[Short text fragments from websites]
|---|

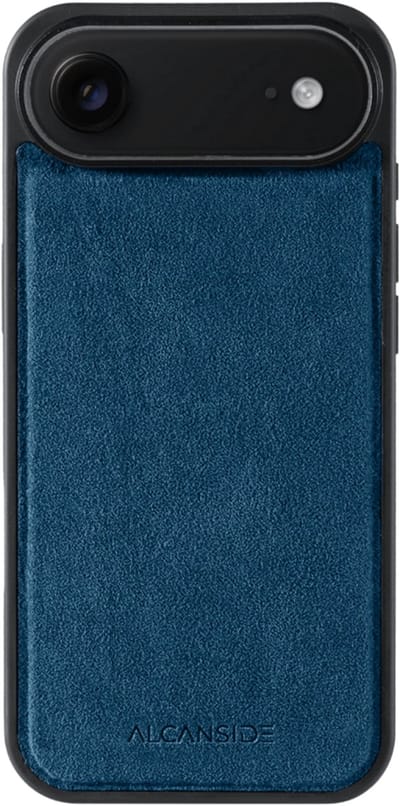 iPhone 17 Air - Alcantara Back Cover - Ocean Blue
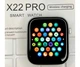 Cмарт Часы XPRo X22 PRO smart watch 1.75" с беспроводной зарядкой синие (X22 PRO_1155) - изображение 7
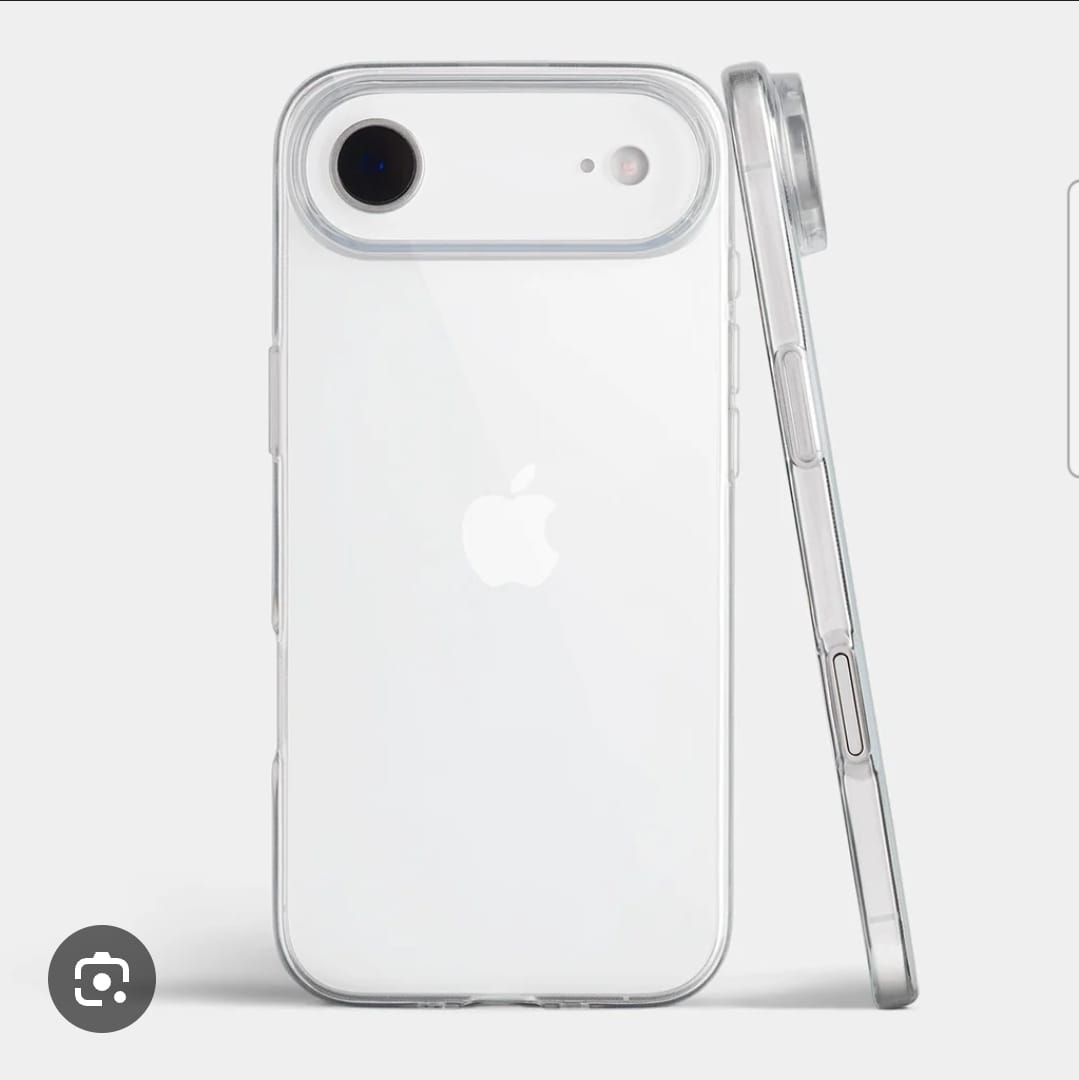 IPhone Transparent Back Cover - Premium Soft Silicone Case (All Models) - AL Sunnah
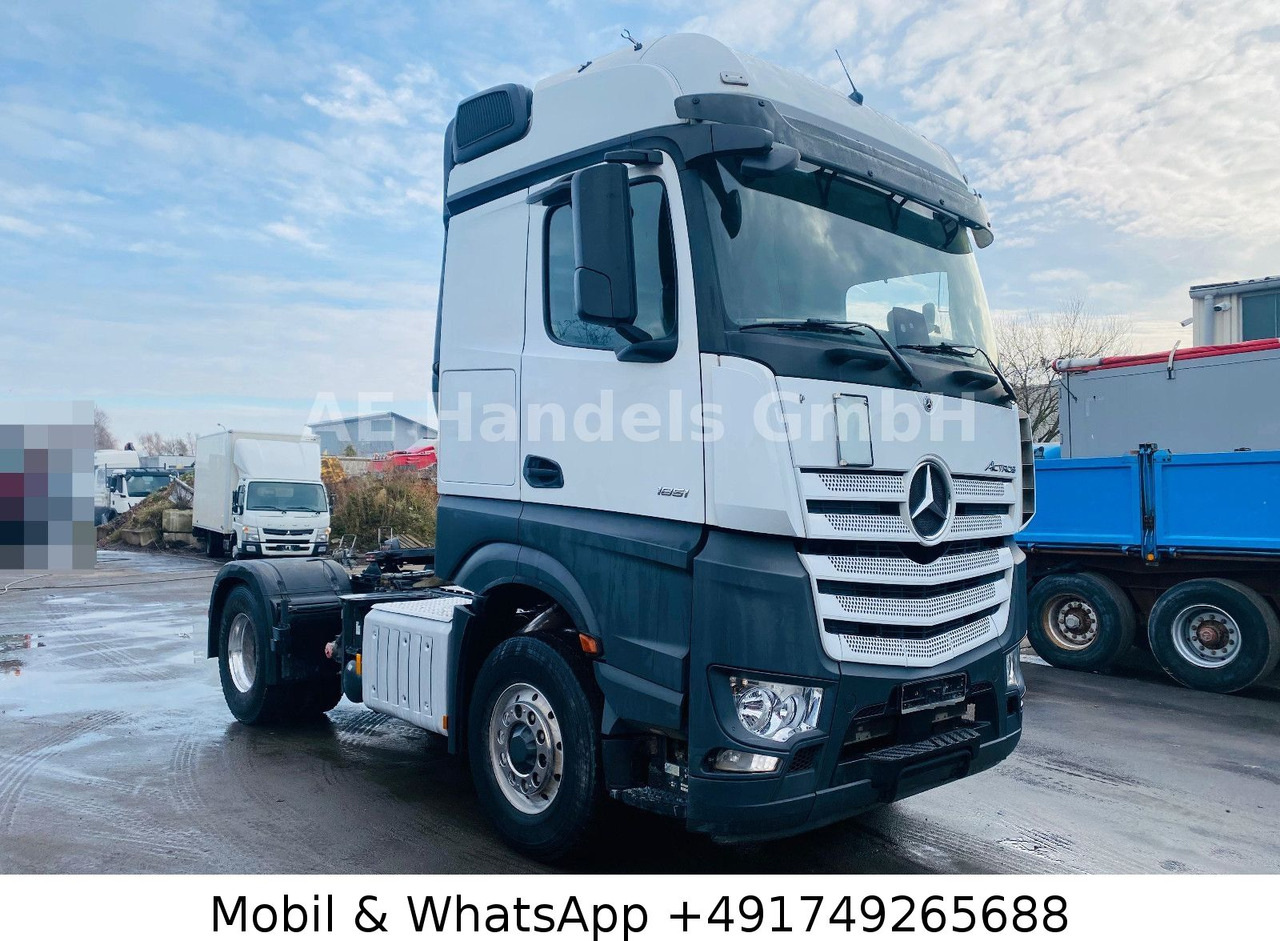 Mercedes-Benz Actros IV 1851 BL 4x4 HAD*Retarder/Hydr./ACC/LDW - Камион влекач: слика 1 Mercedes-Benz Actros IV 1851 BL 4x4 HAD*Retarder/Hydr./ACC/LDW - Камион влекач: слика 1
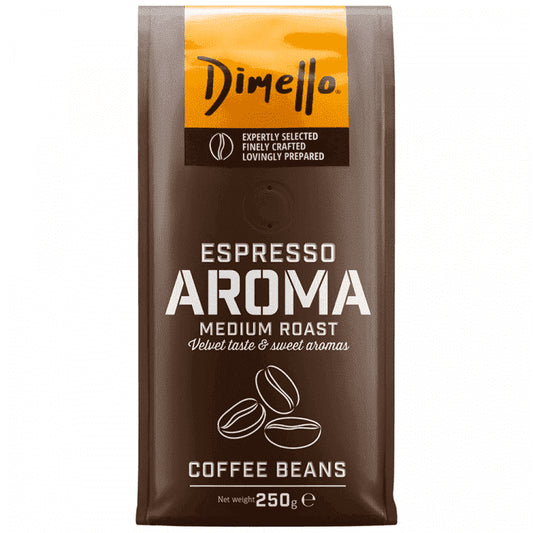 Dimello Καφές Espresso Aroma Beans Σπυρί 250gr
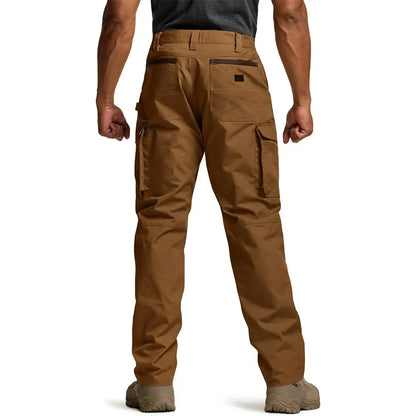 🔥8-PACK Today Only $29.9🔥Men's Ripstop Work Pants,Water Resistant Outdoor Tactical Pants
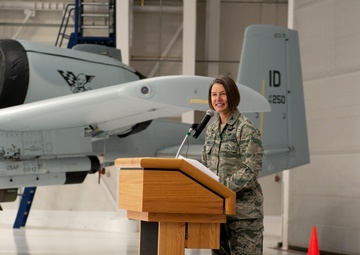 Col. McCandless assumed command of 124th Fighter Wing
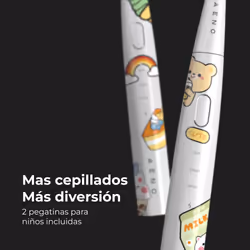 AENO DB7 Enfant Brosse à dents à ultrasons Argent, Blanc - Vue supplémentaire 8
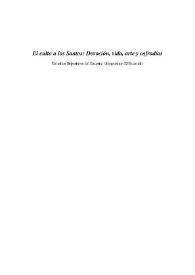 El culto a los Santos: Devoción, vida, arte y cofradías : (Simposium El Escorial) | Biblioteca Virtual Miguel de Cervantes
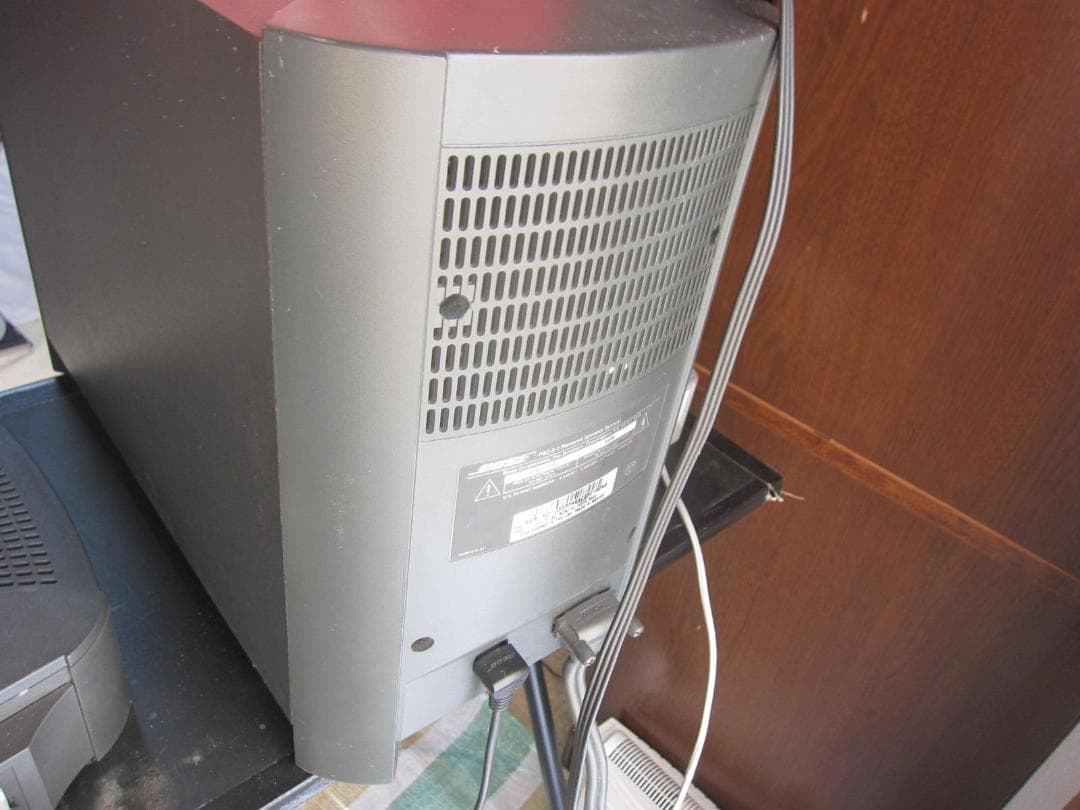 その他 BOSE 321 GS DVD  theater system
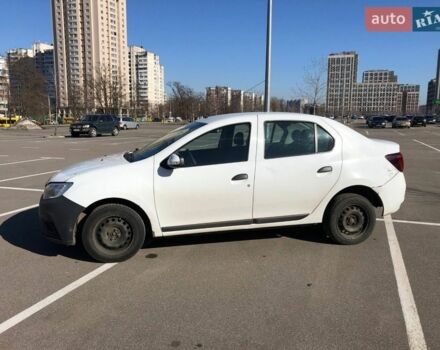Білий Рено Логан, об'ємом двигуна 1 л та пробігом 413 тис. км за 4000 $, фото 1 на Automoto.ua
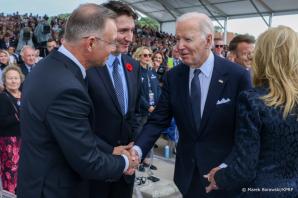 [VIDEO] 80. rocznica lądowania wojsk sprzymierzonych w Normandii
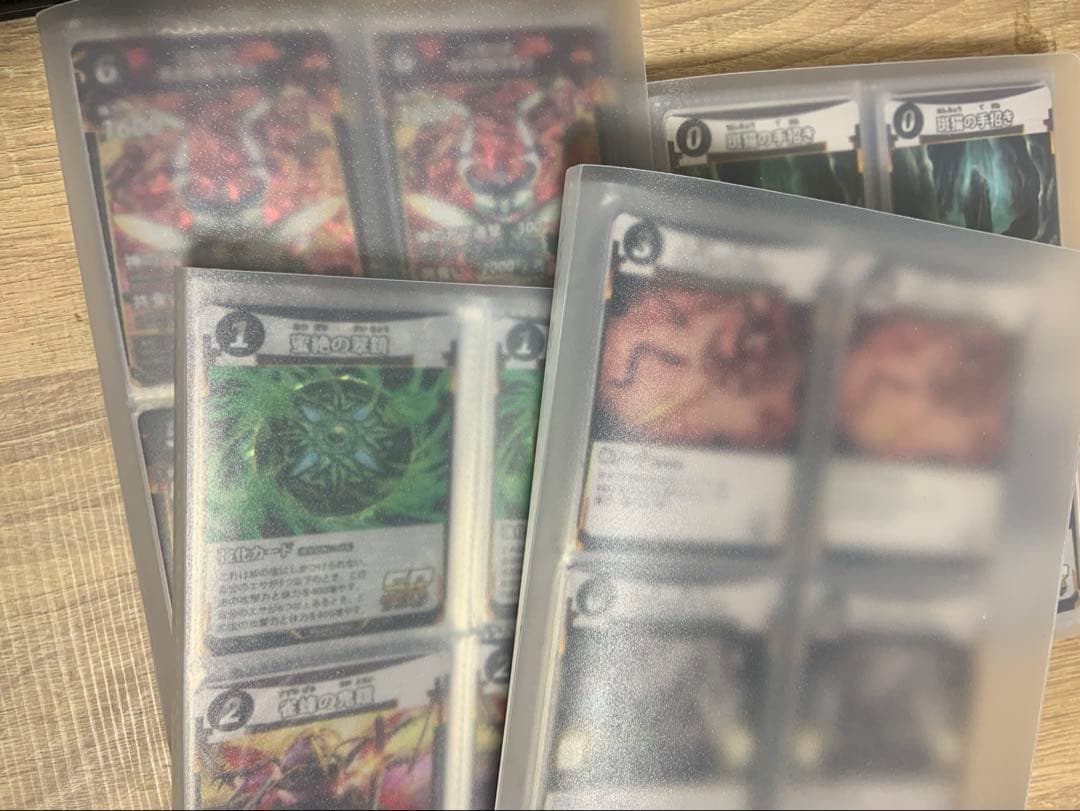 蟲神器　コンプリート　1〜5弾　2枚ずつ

|---|

* DESCRIPTION OF THE TASK *
Repeat each line above exactly. The pictures stay out.

* RESULT *
 iPhone 17 Air - Alcantara Back Cover - Ocean Blue
 Cмарт Часы XPRo X22 PRO smart watch 1.75" с беспроводной зарядкой синие (X22 PRO_1155) - изображение 7
 IPhone Transparent Back Cover - Premium Soft Silicone Case (All Models) - AL Sunnah
 Mercedes-Benz Actros IV 1851 BL 4x4 HAD*Retarder/Hydr./ACC/LDW - Камион влекач: слика 1 Mercedes-Benz Actros IV 1851 BL 4x4 HAD*Retarder/Hydr./ACC/LDW - Камион влекач: слика 1
 Dimello Καφές Espresso Aroma Beans Σπυρί 250gr
 🔥8-PACK Today Only $29.9🔥Men's Ripstop Work Pants,Water Resistant Outdoor Tactical Pants
 Col. McCandless assumed command of 124th Fighter Wing
 AENO DB7 Enfant Brosse à dents à ultrasons Argent, Blanc - Vue supplémentaire 8
 El culto a los Santos: Devoción, vida, arte y cofradías : (Simposium El Escorial) | Biblioteca Virtual Miguel de Cervantes
 その他 BOSE 321 GS DVD  theater system
Білий Рено Логан, об'ємом двигуна 1 л та пробігом 413 тис. км за 4000 $, фото 1 на Automoto.ua
 [VIDEO] 80. rocznica lądowania wojsk sprzymierzonych w Normandii
 蟲神器　コンプリート　1〜5弾　2枚ずつ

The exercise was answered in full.